PARP1 Inhibitors 13(St. John's University)

A series of 2-thienylidene substituted 3-oxo-2,3-dihydrobenzofuran-7-carboxamide derivatives was synthesized and evaluated to investigate structure-activity relationship for inhibiting PARP1 enzyme activity. These efforts led to the identification of a new isosteric lead compound 2, (Z)-5-((7-carbamoyl-3-oxobenzofuran-2(3H)-ylidene)methyl) thiophene-2-carboxylic acid (PARP1 IC₅₀ = 20 nM). Subsequently, the pendant carboxyl group of 2 was coupled with several amines to access adenine binding pocket (ABP) of PARP1 active site.

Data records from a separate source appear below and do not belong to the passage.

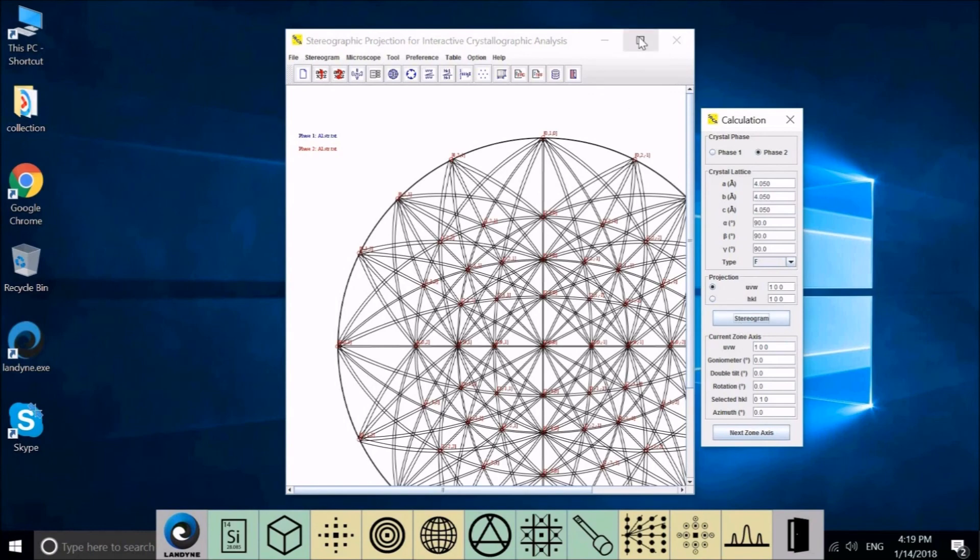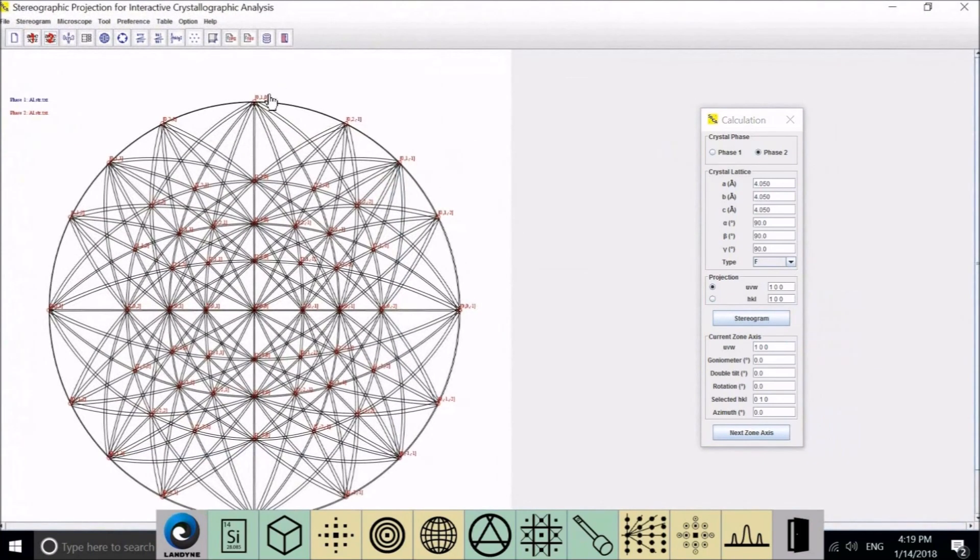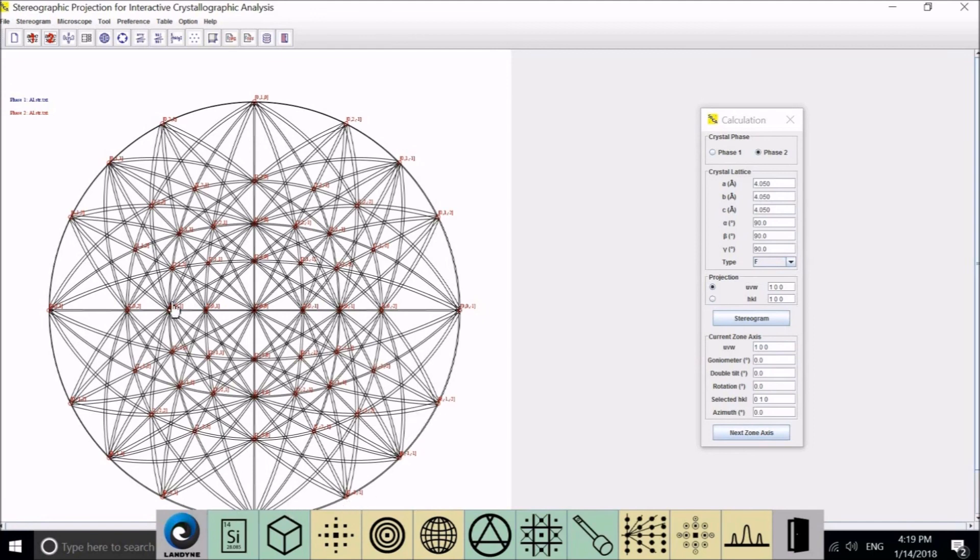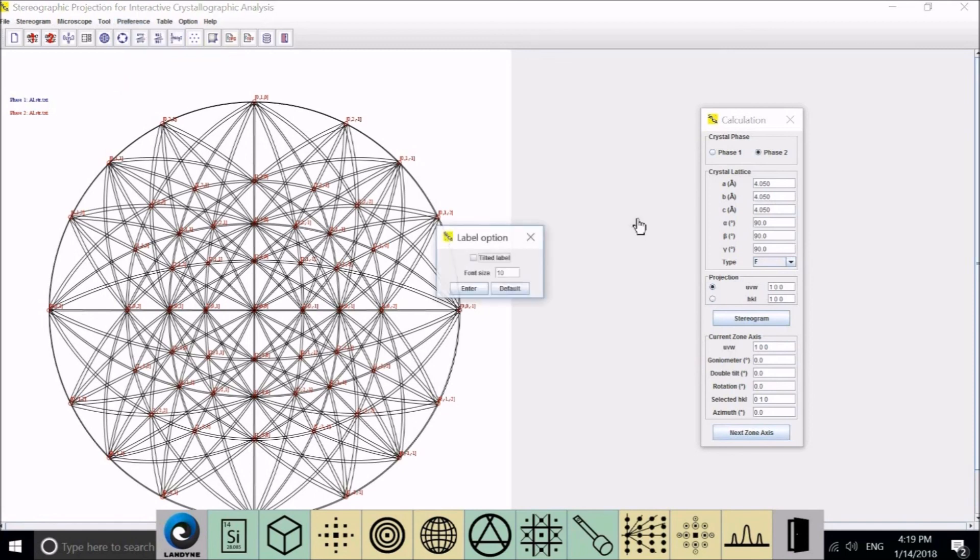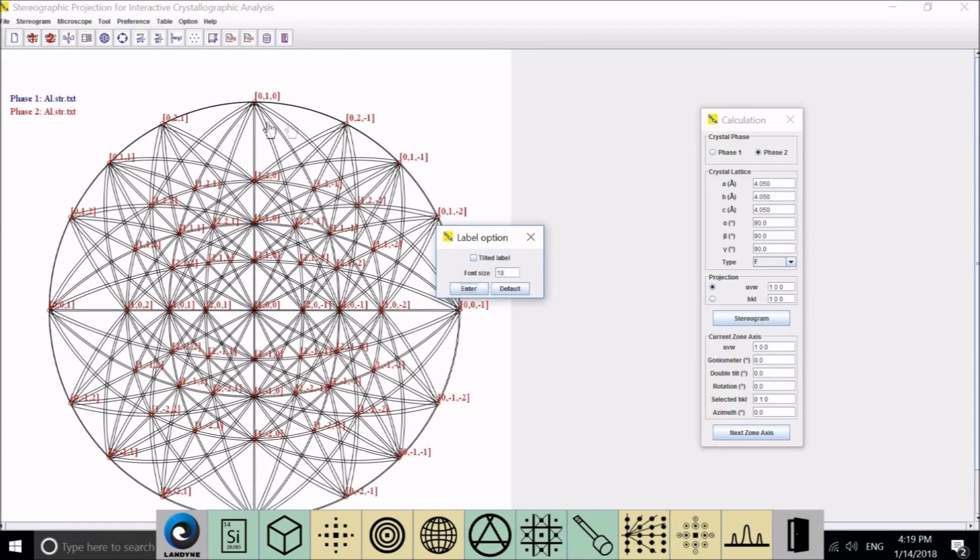Those with high index numbers, if you want to increase the index to higher, we can go to Preference and increase the label size. This is 10. We can change it to 18. So all the numbers can be seen clearly here. And you can generate Kikuchi maps for other zone axes like 1, 1, 1.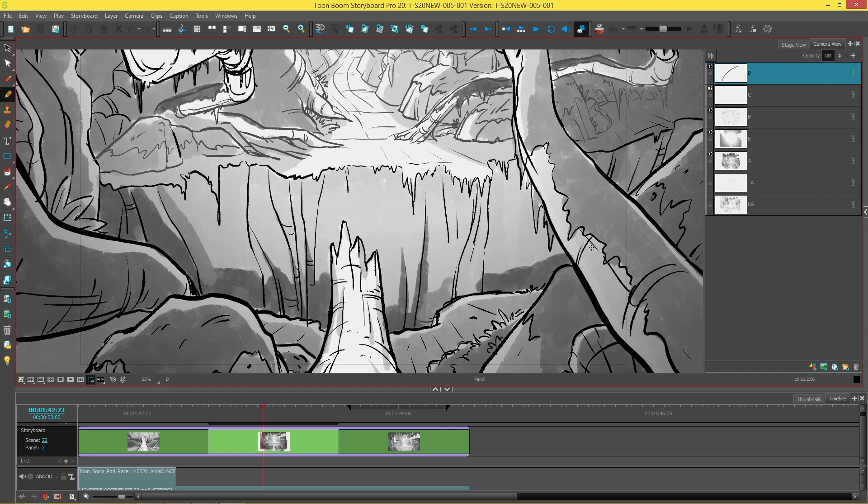This basically means that a color space will control how that color in your project is displayed on a screen or a projector. That's why it's important to keep your color spaces the same throughout your software in order to maintain color integrity across your project.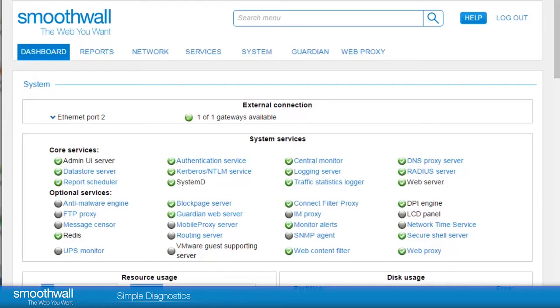Simple Diagnostics. There are a large number of tools available in the SmoothWall to help with simple diagnostics. Here we will look at some of the most common, starting with SmoothWall real-time reports.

Among the resulting analogs, several derivatives with a structural diversity in PARP1 ABP binding motifs showed PARP1 IC₅₀ values in the range of 17 nM - 640 nM. These derivatives also showed improved cellular inhibition of PARylation compared to lead 2. Collectively, PARP1 ABP binding moieties such as (R)-3-aminoquinuclidine in 9, 1-methylspiro[indoline-3,3'-piperidin]-2-one in 11 and benzimidazole in 13 and 15 were favorable and thus these derivatives will serve as refined leads for future SAR optimization.